Task directions:
Transcribe every entry word for word, but skip the images.
§ §
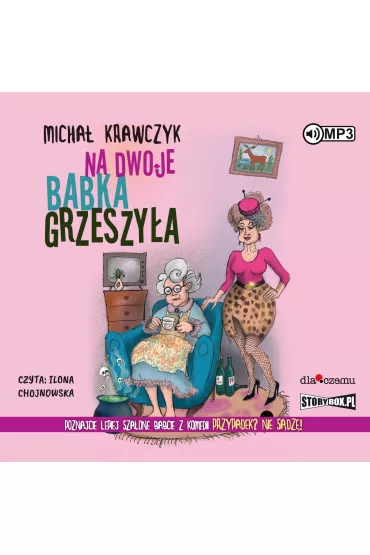 Audiobook Na dwoje babka grzeszy�a CD - Micha� Krawczyk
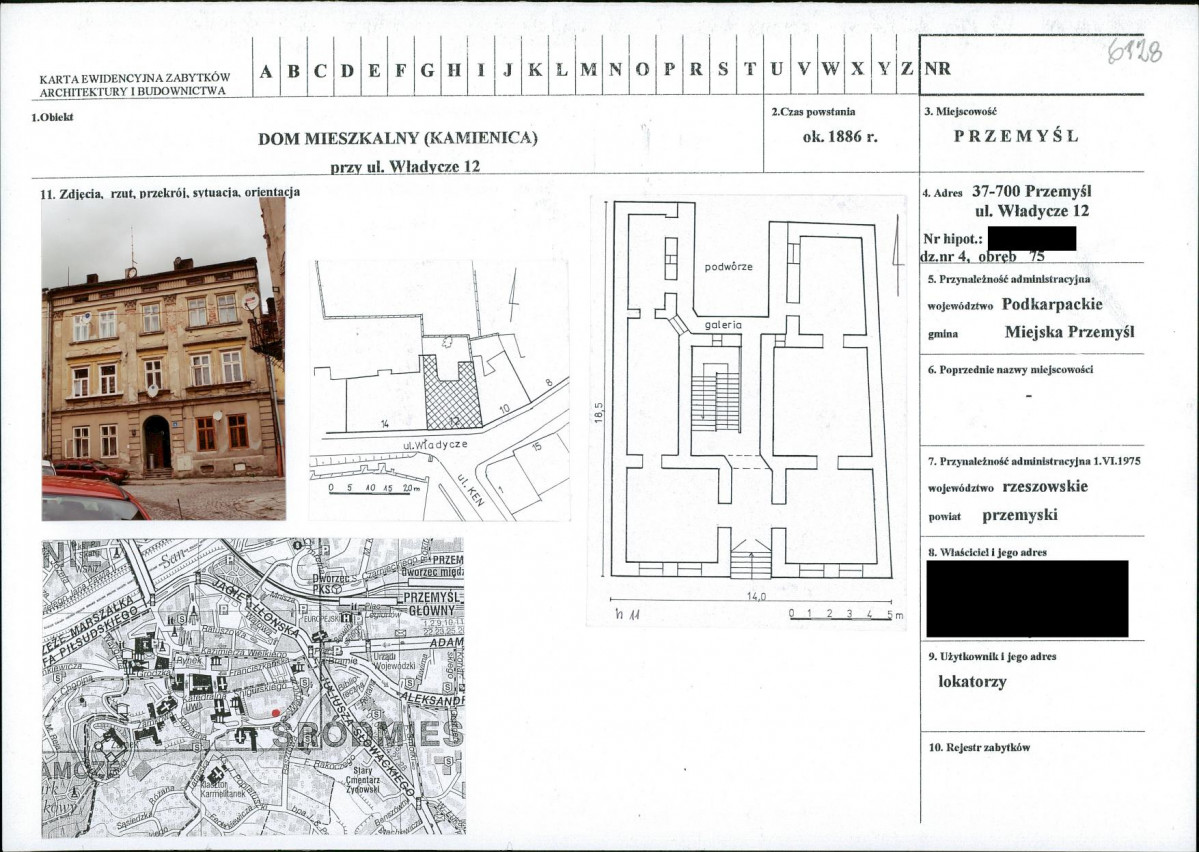 KB - Karta biała, skan nr 1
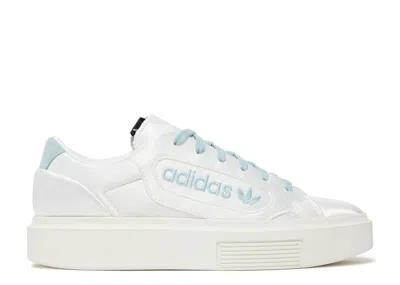 Adidas Originals Adidas Adidas Wmns Sleek Super 'cloud White Silver''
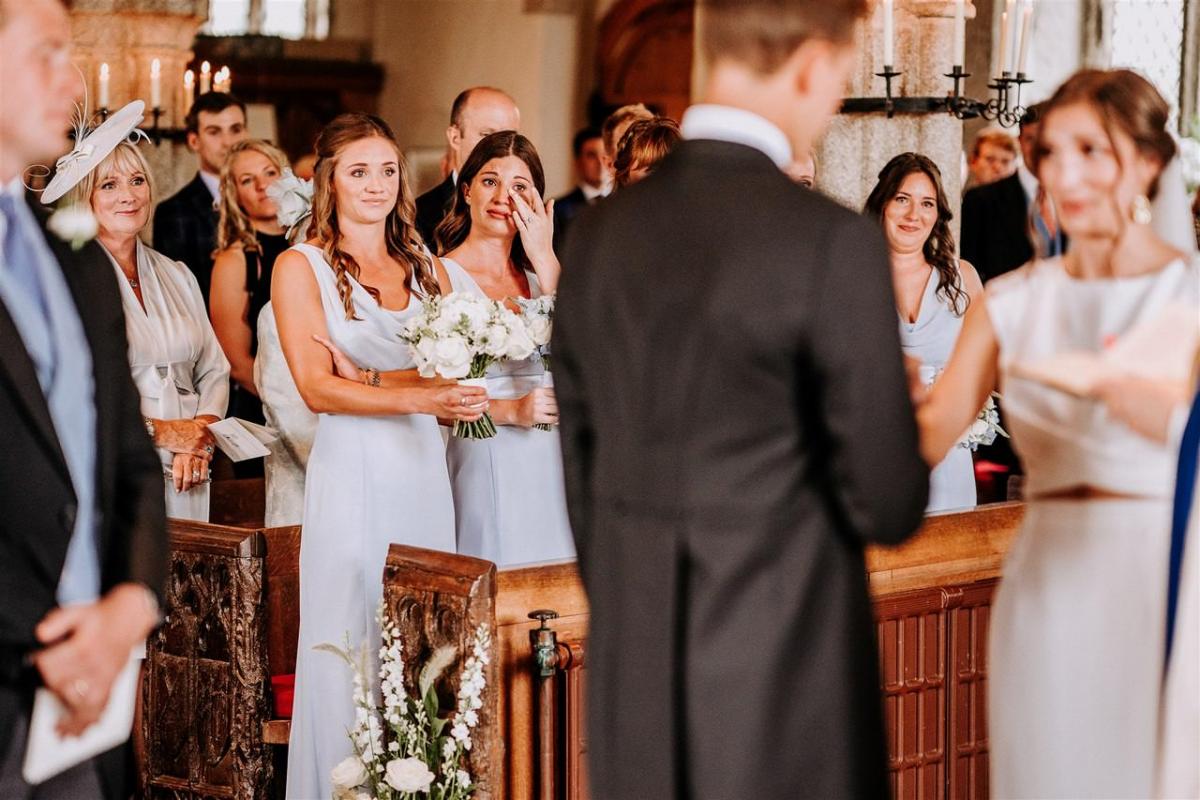 Trewornan Manor Wedding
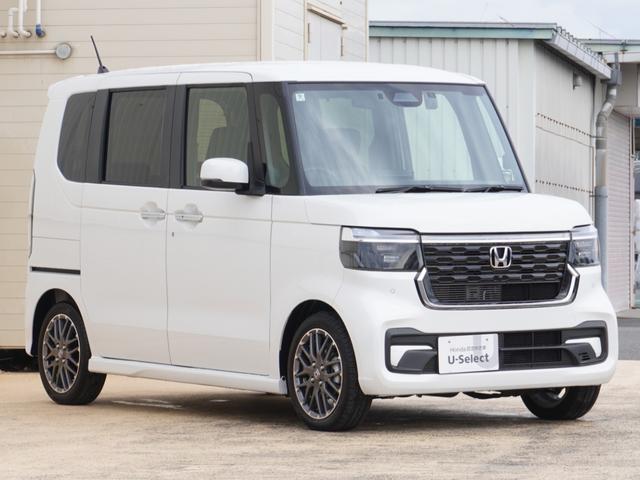 Ｎ－ＢＯＸカスタム ターボ　弊社元デモカー　純正９インチナビ　ＥＴＣ　リヤカメラ　両側電動スライドドア　純正フロントドラレコ　シートヒーター　障害物センサ－　ＬＥＤヘッドライト　衝突被害軽減ブレーキ　ホンダセンシング（25枚目）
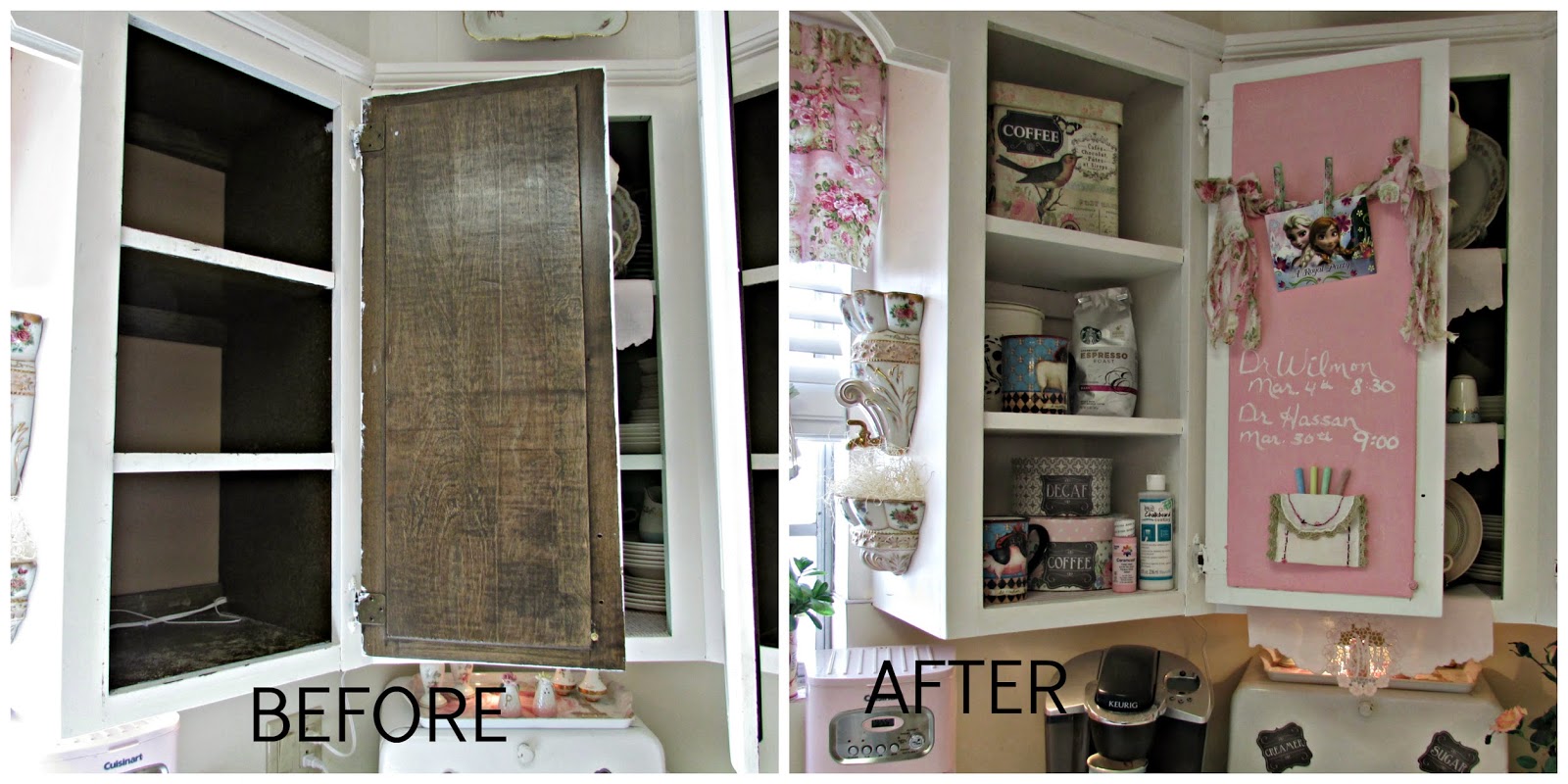 Penny's Vintage Home Pink Chalkboard Paint
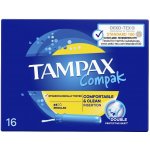 Tampax Pearl Compak Regular Tampony s Aplikátorem 16 ks – Zboží Dáma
§ §
Answer box:
 Audiobook Na dwoje babka grzeszy�a CD - Micha� Krawczyk
 KB - Karta biała, skan nr 1
 Adidas Originals Adidas Adidas Wmns Sleek Super 'cloud White Silver''
 Trewornan Manor Wedding
 Ｎ－ＢＯＸカスタム ターボ　弊社元デモカー　純正９インチナビ　ＥＴＣ　リヤカメラ　両側電動スライドドア　純正フロントドラレコ　シートヒーター　障害物センサ－　ＬＥＤヘッドライト　衝突被害軽減ブレーキ　ホンダセンシング（25枚目）
 Penny's Vintage Home Pink Chalkboard Paint
 Tampax Pearl Compak Regular Tampony s Aplikátorem 16 ks – Zboží Dáma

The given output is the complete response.